Eu estava praticando o meu autismo próximo a uma pilastra quando ela e sua turma me cercaram. Eu não tinha nada para oferecer naquele dia, não tinha levado biscoitos recheados nem cigarrinhos de chocolate pra escola. Laura esboçou um sorriso, jogou minha merendeira do He-Man no chão e me empurrou, foi quando quase quebrei o terceiro dedo da mão direita, caí estatelado e rolei pra longe dela.
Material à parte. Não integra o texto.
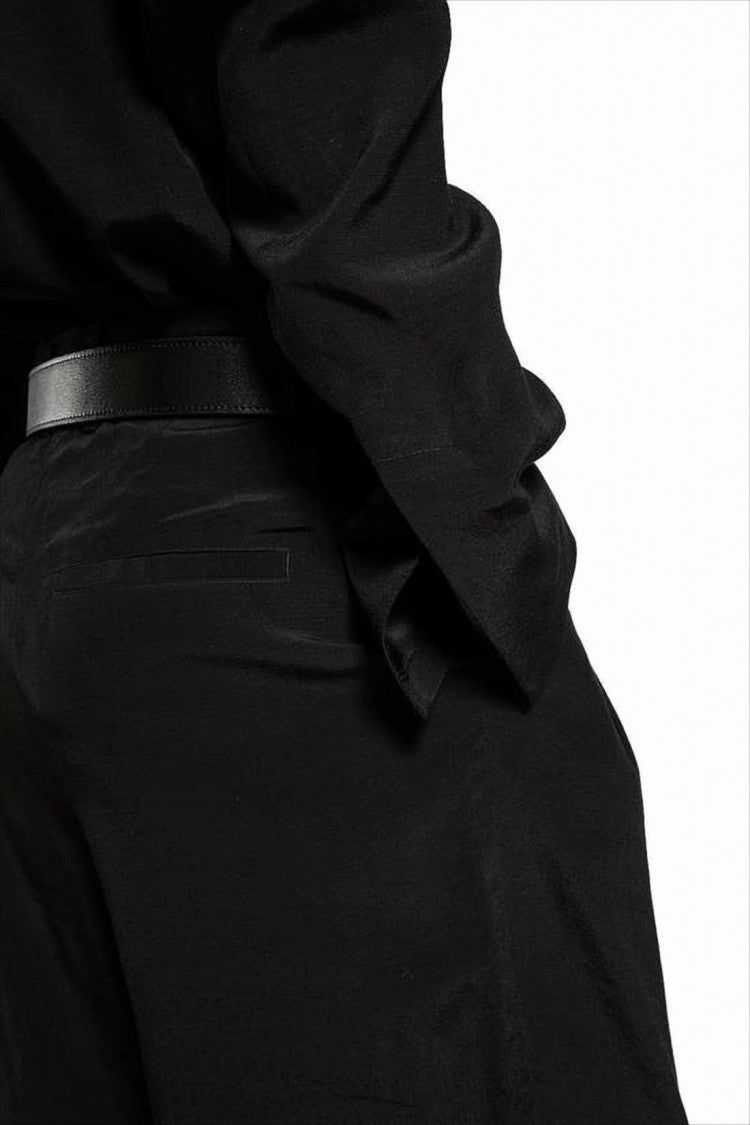 Totême Straight-Fit Black Pants With Pleated Front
Na hora não senti nada, só doeu meu orgulho, ralado e ferido, mas dali até o fim do recreio houve tempo suficiente pro meu dedo ficar do tamanho de uma mexerica suculenta. Engoli o choro com medo de rirem de mim, havia dezenas de crianças sendo crianças no pátio poeirento da escola estadual onde estudei até a terceira série.

A professora me viu entrando na sala de aula logo após tocar o sinal de fim do recreio com cara de dor e o dedo enorme, pulsando, e ao invés de me acolher fez cara de que não era aquela a década de se combater o bullying e continuou escrevendo no quadro negro, indiferente, usando gizes de várias cores para desenhar palavras que começavam com “d” de dor e “e” de extraordinária.
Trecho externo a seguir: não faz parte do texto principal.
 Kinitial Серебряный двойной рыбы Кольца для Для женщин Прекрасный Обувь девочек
Quando o sinal tocou novamente algumas horas depois eu corri pra fora da sala e minha prima me esperava pra irmos embora juntos. Ela me alertou que minha mãe me bateria por eu estar voltando machucado pra casa, de novo, e não aceitou mentir comigo, dizer que eu havia caído. Ela achava mais nobre que minha mãe soubesse que eu estava apanhando de uma coleguinha. Na época não havia transporte escolar e as mães nos deixavam mais soltos no mundo. Acho que existiam menos psicopatas comedores de criancinha, ou não.  Não sei como que aquelas mães se ocupavam tanto que não podiam buscar seus filhos na escola! Pauta pra um novo post.

Cheguei em casa e minha mãe me levou de uniforme e tudo pro pronto socorro, ganhei uma talinha de dedo e ela, compadecida, ainda me pagou um sorvete. Não apanhei de mais ninguém naquele dia e voltei de ônibus pra casa, me sentindo um herói de guerra, exibindo meu curativo que já estava todo lambuzado de sorvete.

Graças ao sistema ultrapassado de educação e avaliação, Laura tomou bomba e não me acompanhou pra segunda série,  naquela época a turma praticamente não mudava de um ano pro outro, muitas vezes até o professor passava de ano com a turminha. Depois de me ter mandado pro pronto-socorro ela nunca mais mexeu comigo, mas eu ainda assim morria de medo dela e dentro de minha cabeça eu dava pulos de alegria quando ela faltava a escola.

Hoje em dia toda vez que dou uma topada com o dedo em algum lugar me lembro daquela maldita menina. E dos meus amiguinhos de turma não consigo me recordar de nenhum. Injusto esse mecanismo de memória primitiva que imprimiu na minha cabeça a cara de Laura e deixou que todos os outros ficassem no esquecimento.  Espero nunca reconhece-la se um dia cruzar novamente o seu caminho.

Lembrei desse episódio essa semana quando conversava  com minha irmã/cunhada sobre a decisão dela e de meu irmão de matricularem Izabelle na escolinha infantil. Achei louvável a iniciativa mas dentro da minha cabeça fiquei imaginando as Laura’s soltas pelo mundo correndo atrás de Izzie tentando roubar seus cigarrinhos de chocolate. Mas afinal não vendem mais cigarrinhos de chocolate, aquilo sim era uma imoralidade! Acho que Izzie ficará segura. Ou não.